Below is a list of cybersecurity best practices for small businesses:
- Provide appropriate security training for all employees, including computer users, IT staff, and managers. Security training should be more like a security awareness session for computer users, but it should be more in-depth and technical for the IT team.
- Set policies and associated action plans for mobile devices; specifically analyze the new posture caused by the COVID-19 pandemic.
- Using vulnerable (out-of-date) software is the number one reason for ransomware attacks. Always use up-to-date endpoint devices. Always use the most up-to-date versions of operating systems (Windows, IOS, Android) and Internet browsers across the company networks. Web browsers are the prominent entry points to the Internet; always use the updated web browsers across the business networks. Never forget to update the firmware of IoT devices—such as webcams, access control systems—that resides in the network.
- Physical security is always essential, even in the era of ubiquitous computing.
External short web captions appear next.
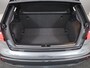 Audi A1 Sportback 30 TFSI Advanced edition S-tronic 110pk | Sportstoelen | Led verlichting | Stoelverwarming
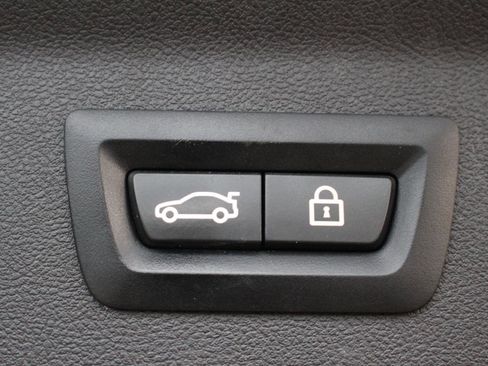 Used 2020 BMW X3 xDrive30i w/ Convenience Package AWD/4WD image 41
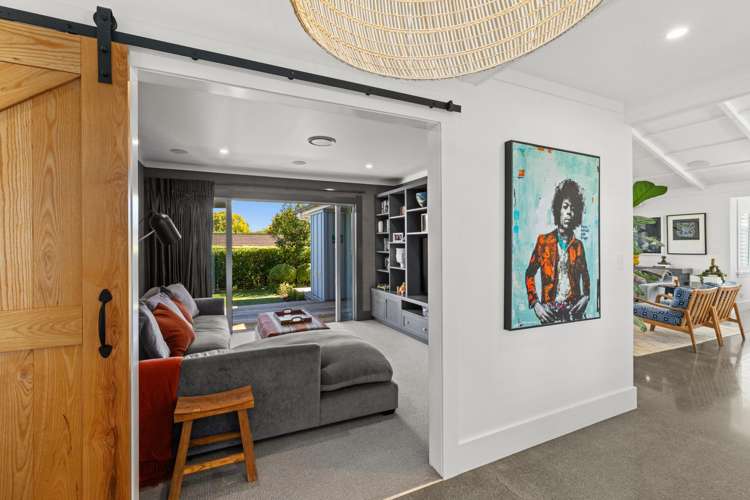 18a Reynolds Road Havelock North_5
Wi-Fi security can be considered an essential and usually ignored part of physical security. Use strong Wi-Fi authentication and encryption protocols and strong passphrases to eliminate hack attempts of nearby cybercriminals.
- Strong passwords are important; however, never rely on the passwords. Always use multi-factor authentication whenever it is applicable.
- Access control is at the heart of cybersecurity; it is also essential to implement zero trust. Adapt an access control policy; never use shared accounts, define user groups and roles, never use default allow rules, never grant full access to all data.
- Adopt a data backup plan and backup your essential information and systems to respond timely and effectively in business contingencies.
There are many layers of cybersecurity, including but not limited to technical, organizational, administrative, physical layers. Security guidelines and standards might be a lighthouse for most small businesses. From the standardization and certification perspective, Cybersecurity Maturity Model Certification (CMMC) might be a valuable guide for small businesses to grow to certain levels of cyber maturity. Although CMMC targets the Controlled Unclassified Information (CUI) for Department of Defense contractors, it has the potential of becoming prevalent for enforcing security standards for small businesses in the U.S.
Bruce: Any business that effectively manages cyber risk will start with an assessment of the technology environment. Many small businesses cannot afford to conduct extensive assessment. Small businesses rely on their internet provider to implement the necessary security controls that protect the organization from bad actors, malware, and other malicious activity.
Small business owners need to understand what security controls or protections their Internet Service Providers (ISP) have implemented. With the understanding of cybersecurity protection that the ISP provides, small business owners can determine what additional cybersecurity controls need to be implemented to ensure the organization’s security.